Thick hair fell over her face as she gave a sly smile. “It helps with the illusion – they expect it.”

“People, especially Christian nobility, have long memories. I don’t think you aught to encourage fear.”

Magarinas breath warmed Gitanos cheek, as she ran her fingers down the side of his face. “For someone so young, not of our blood and one who rejects all help, you have such leadership qualities our tribes need. Such a shame. Such a shame.”

Gitano gently shrugged her body away from him and gripped the knife he still held. “The hysteria, the witch hunts; were only a scant few generations ago and there are still many parts of this country we cannot travel. Our tribes have just been ejected from Spain. I’m just saying, its not over and perhaps you could walk a little gently about nobility. You didn’t see her face when she left your tent. She was terrified.”

“And yet people still seek us out for truth. The same ones who would condemn and burn us. I only showed her the truth, nothing else. The same offer is there for you, Gitano.”

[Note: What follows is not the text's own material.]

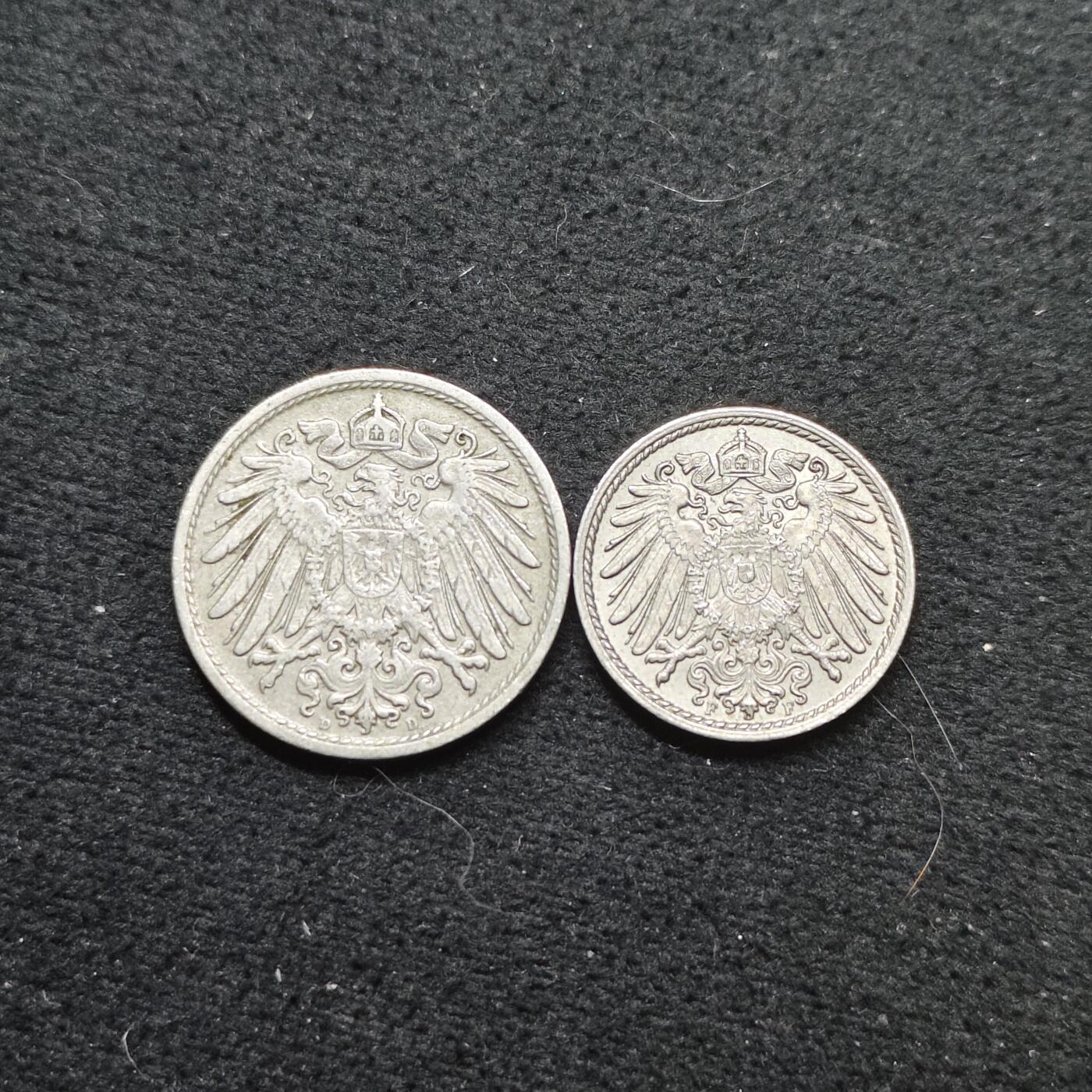 【全场包邮】纯粹捡漏拍484场（免费代拍第21场） 德国第二帝国各年份5-10芬尼2枚好品相一组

Gitano captured her wandering hand and held it as gently as his anger would allow. “ I will find my own truth. The threat of Brothers or Enemys or whatever else your divination revealed; were all messages for the Rromani, not for me.”

“You are not afraid of me as others are.” Margarina tilted her head slightly to the side and allowed her dark curls to ripple over her shoulder. The glistening sun reflected from her jewelry as she stared hard at Gitano. “That’s good. You’ll need this courage to face your future.”


9 comments:

Jodi Cleghorn said...

The richness of your writing and the depth ... well I am speechless and covered in goose bumps.

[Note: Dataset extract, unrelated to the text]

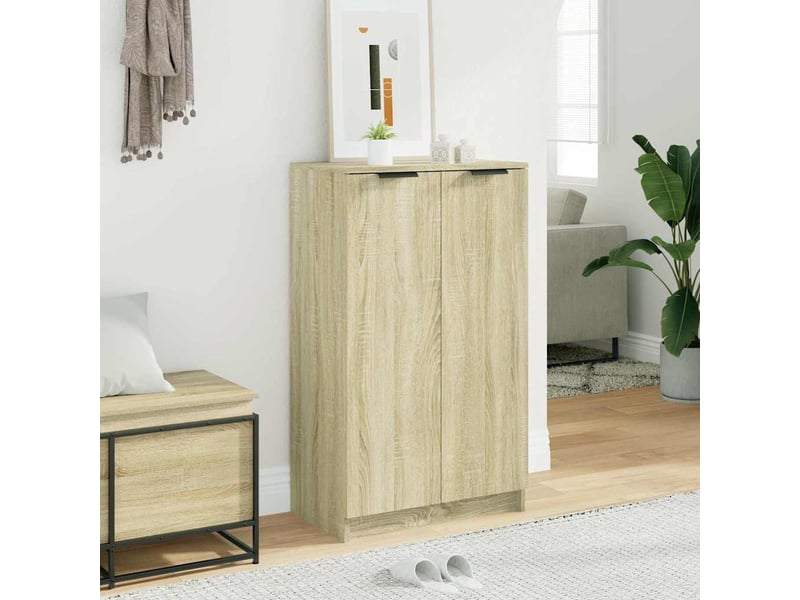  Meuble à chaussure, armoire à chaussures chêne sonoma 59x35x100,5cm bois d'ingénierie  - Conforama C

You have definitely hit your groove with this story Annie. I am transported with ease back to this time, intrigued with the plot - I can even smell it. Edge of your seat reading!

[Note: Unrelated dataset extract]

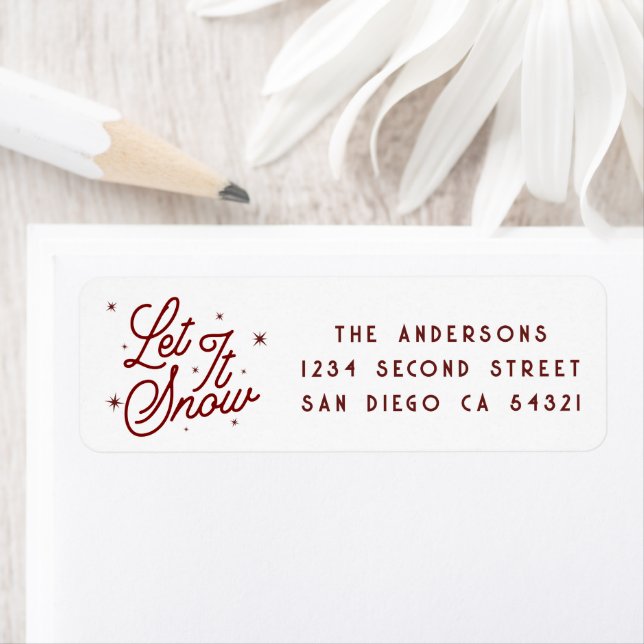Modern Holiday Let It Snow Festive Script | Red (Insitu)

I can't wait for the two stories to collide with each other. I think I will be writing some Captain Juan tonight.... the La G needs to make landfall soon in Italy so these stories can explode into each other.

Hats off to you Annie. Just brilliant! You should be very chuffed with where all this is going (for want of better words!)

M. D. Benoit said...

Interesting that the man named Gitano is not Romani (since they're basically synonym). Any particular meaning to that?

The tone is still good and credible. I would call this more of a sequel rather than a scene, a sort of hyphen. Cool.

You can read mine at http://mdbenoit.com/blog/2009/06/05/fiction-friday-nine-lives/

Ali Bali Bee said...

This is a great story that can run and run with these characters. Love your descriptive content, really takes you back to that era. Look forward to see how it moves on.

Vanessa said...

Beautifully written as always. I always get lost in your scenes that touch all the senses.

rosey pinkerton said...

A thouroughly good piece. It is so decriptive that I felt I was there.

kajoemanis said...

beautifully written. like rosy said, I also felt that I was there witnessing the story flow.
Bravo, Annie!

Benjamin Solah said...

I liked the imagery and description, especially of the circus performers playing in the mud. I could see their bright colours contrasting so strongly.

Annie Evett said...

Thanks - and yes - it is a scene from my Rromani stories - which will also at some point run into the Captain Juan blog fiction. To answer your question MD - Gitano means Gypsy in the rromani language. In previous stories I have posted here I explore a little of his heritage.

Uncle Tee said...

Annie, thanks for the kind comments on my story. I love the way you write...I feel right there in the story.